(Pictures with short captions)
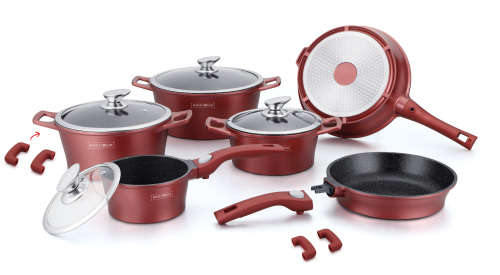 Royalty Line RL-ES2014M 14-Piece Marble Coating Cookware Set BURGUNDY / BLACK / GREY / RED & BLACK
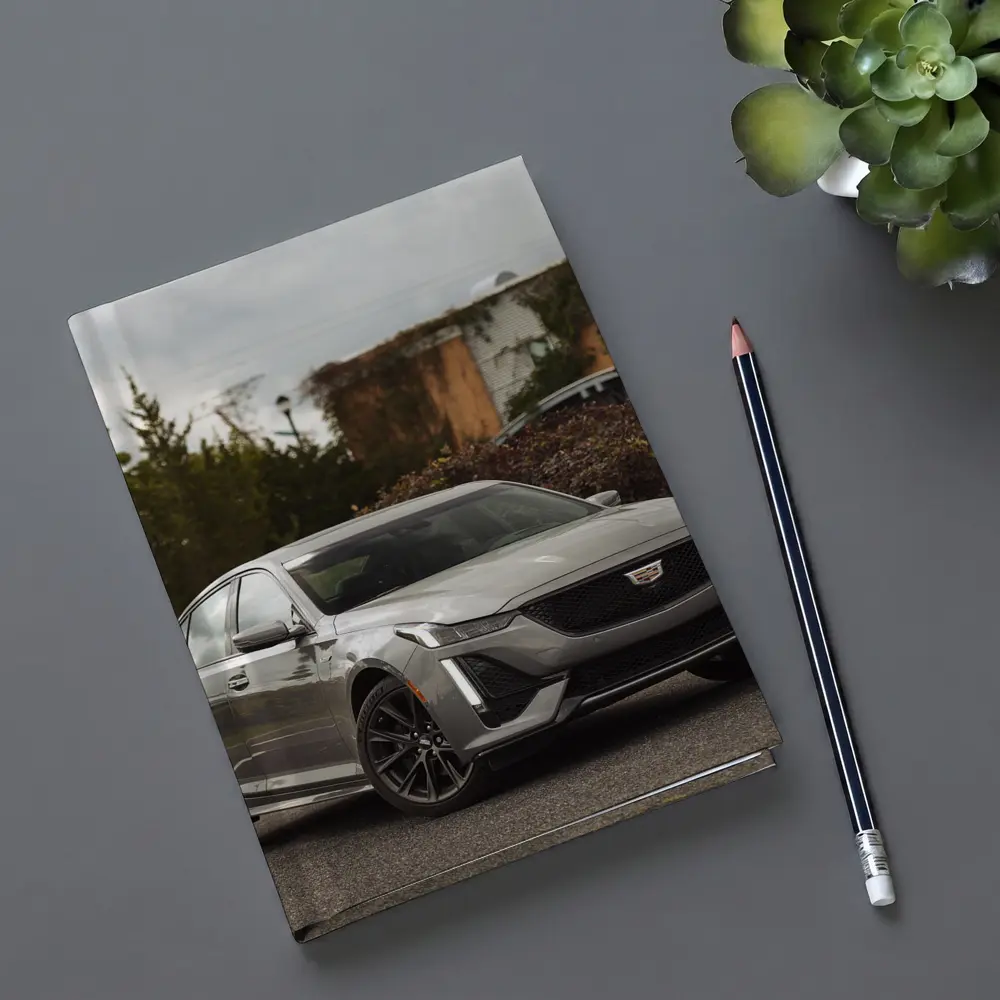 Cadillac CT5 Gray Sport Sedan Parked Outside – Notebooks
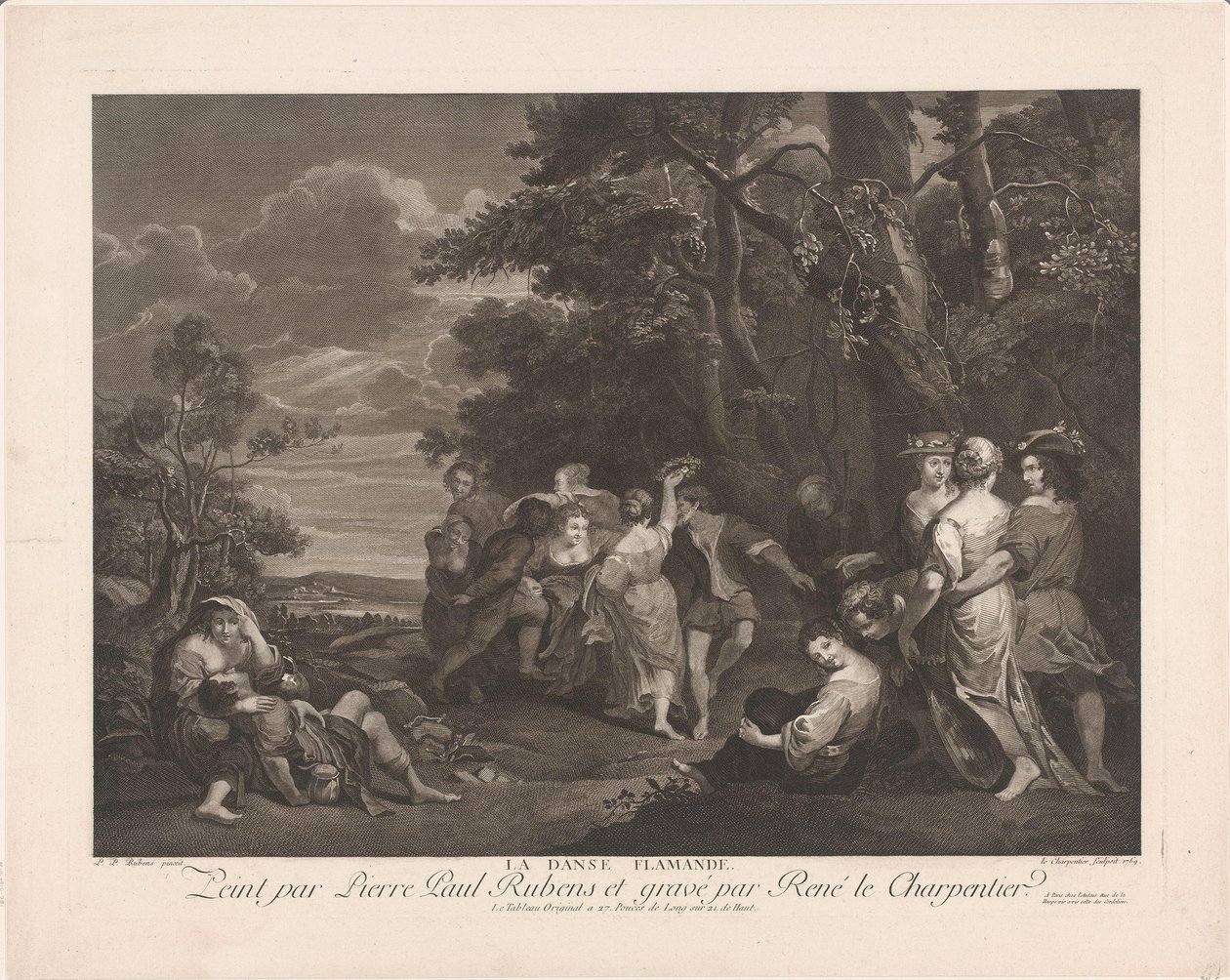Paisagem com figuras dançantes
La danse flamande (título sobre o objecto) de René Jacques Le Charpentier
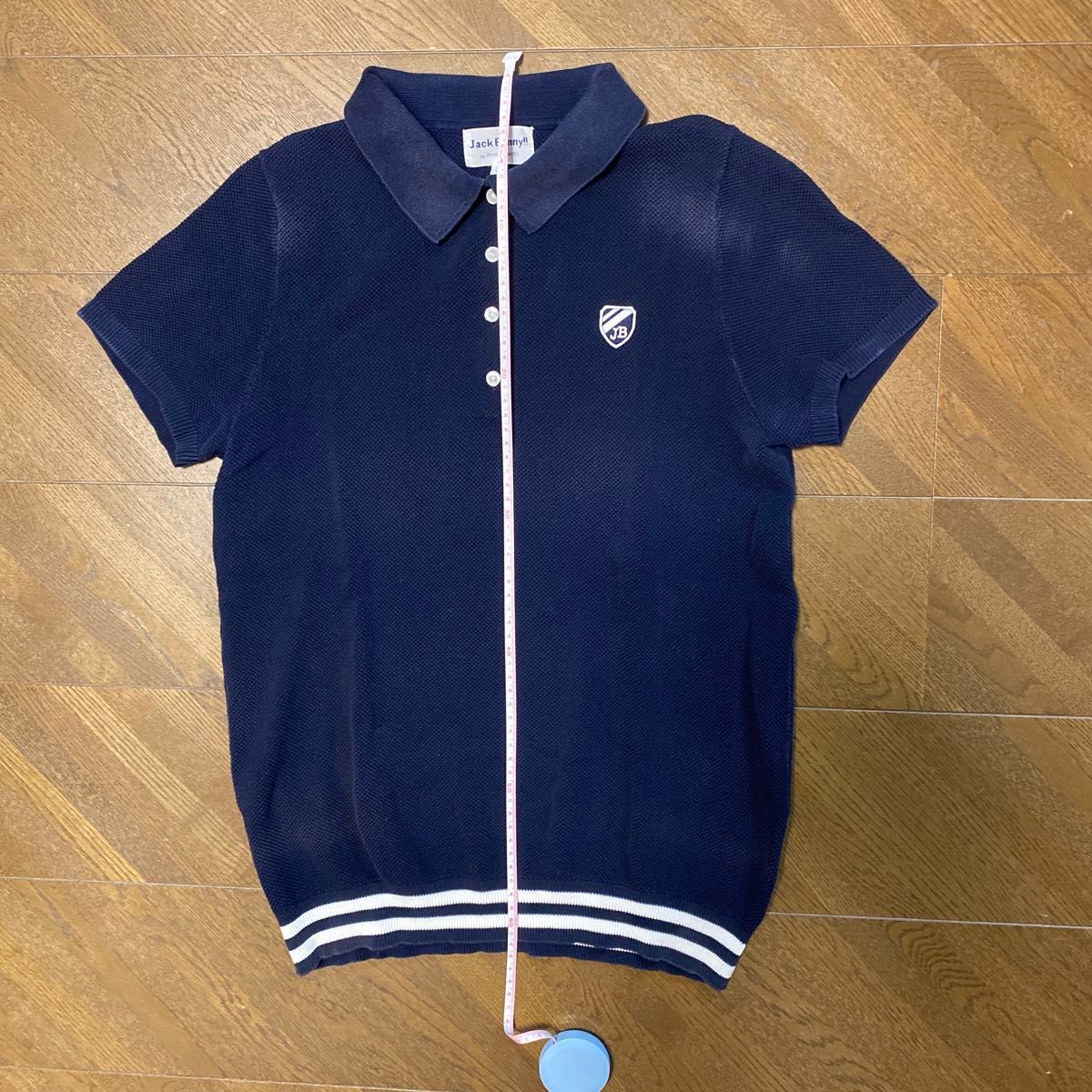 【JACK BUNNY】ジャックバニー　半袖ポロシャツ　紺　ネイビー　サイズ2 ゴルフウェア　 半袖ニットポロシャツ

» **Your goal**: Your task is to restate every record word for word. Omit all pictures.

» **Response box**:
 Royalty Line RL-ES2014M 14-Piece Marble Coating Cookware Set BURGUNDY / BLACK / GREY / RED & BLACK
 Cadillac CT5 Gray Sport Sedan Parked Outside – Notebooks
Paisagem com figuras dançantes
La danse flamande (título sobre o objecto) de René Jacques Le Charpentier
 【JACK BUNNY】ジャックバニー　半袖ポロシャツ　紺　ネイビー　サイズ2 ゴルフウェア　 半袖ニットポロシャツ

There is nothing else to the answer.